== Problem description ==
Reproduce exactly the line that contains "view of yard with a sunroom" and every line after it through the end of the records below, leaving out all pictures.
Source information START
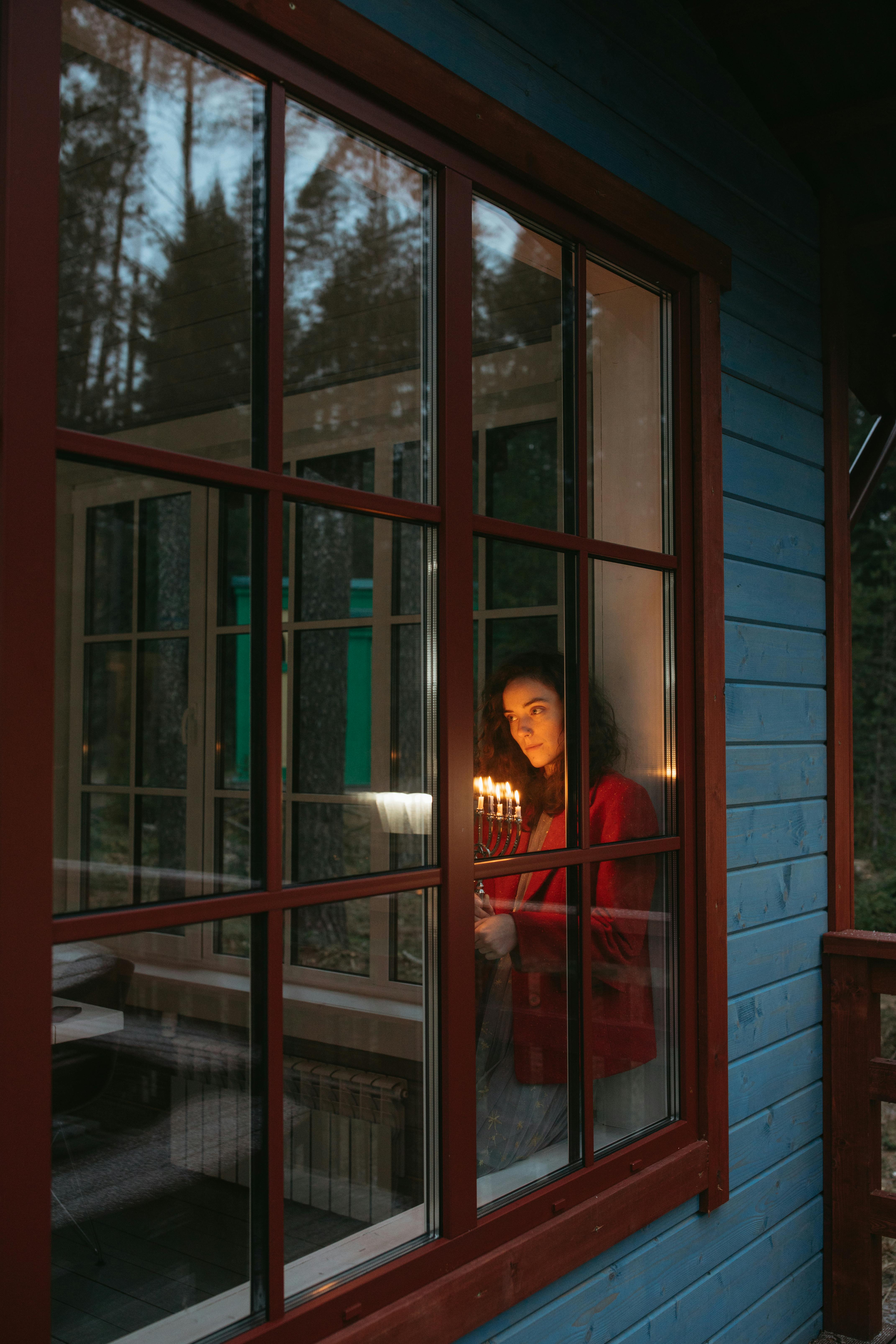 A woman stands by a window holding a menorah lit with candles, celebrating Hanukkah.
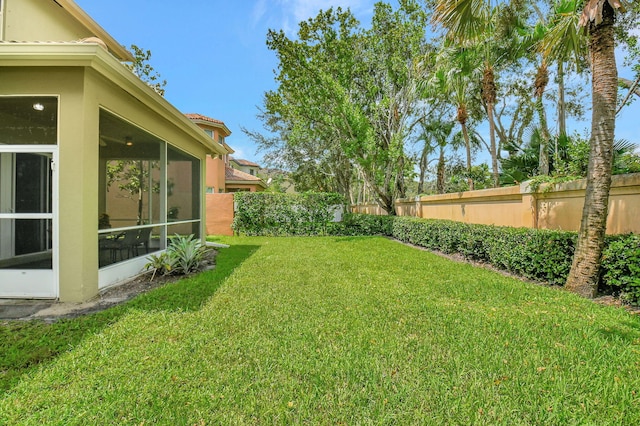 view of yard with a sunroom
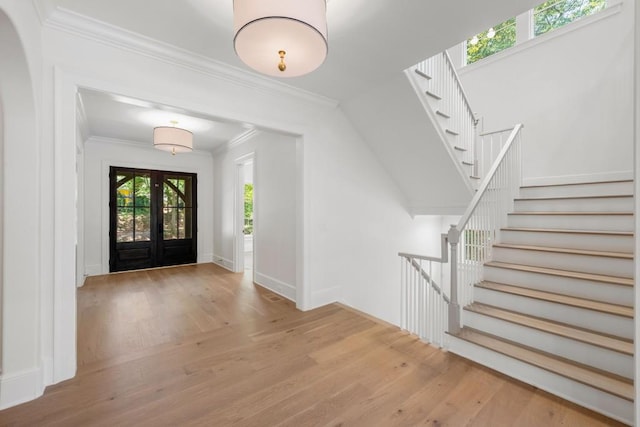 foyer featuring light wood-type flooring, french doors, and ornamental molding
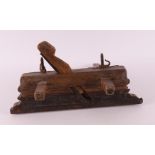 An elm wood profile planer, dated 1803.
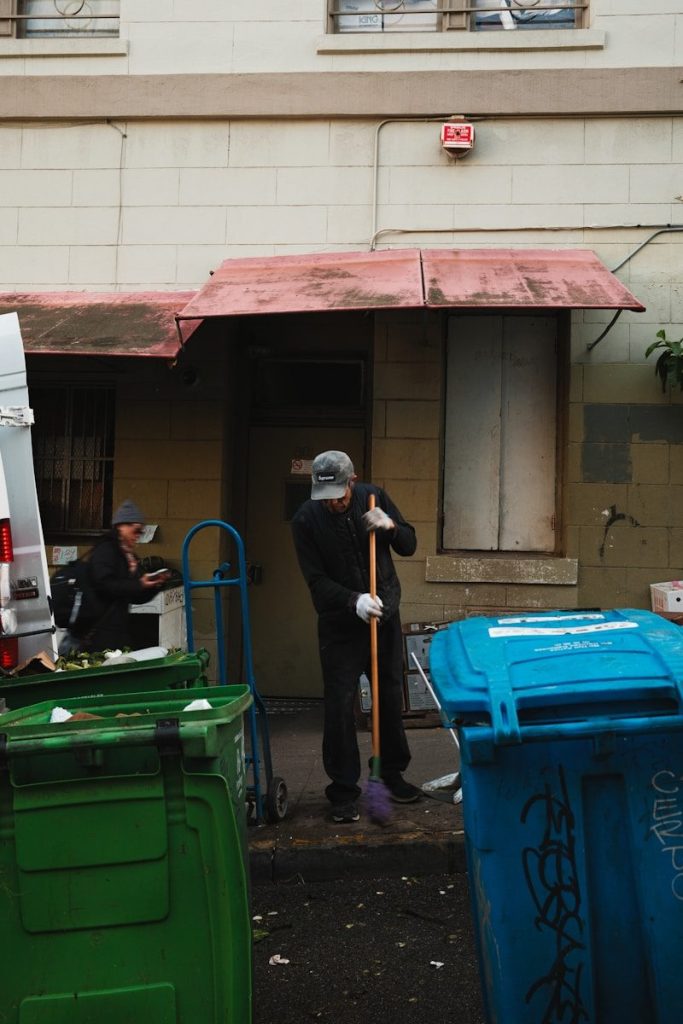 A group of garbage cans sitting in front of a building
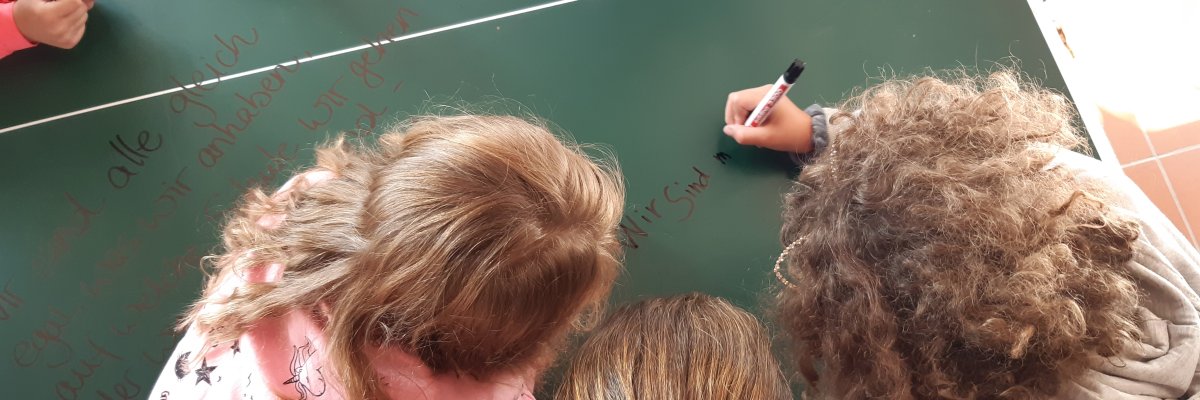 Kinder beugen sich über eine Tischtennisplatte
Source information END
== Your solution ==
 view of yard with a sunroom
 foyer featuring light wood-type flooring, french doors, and ornamental molding
 An elm wood profile planer, dated 1803.
 A group of garbage cans sitting in front of a building
 Kinder beugen sich über eine Tischtennisplatte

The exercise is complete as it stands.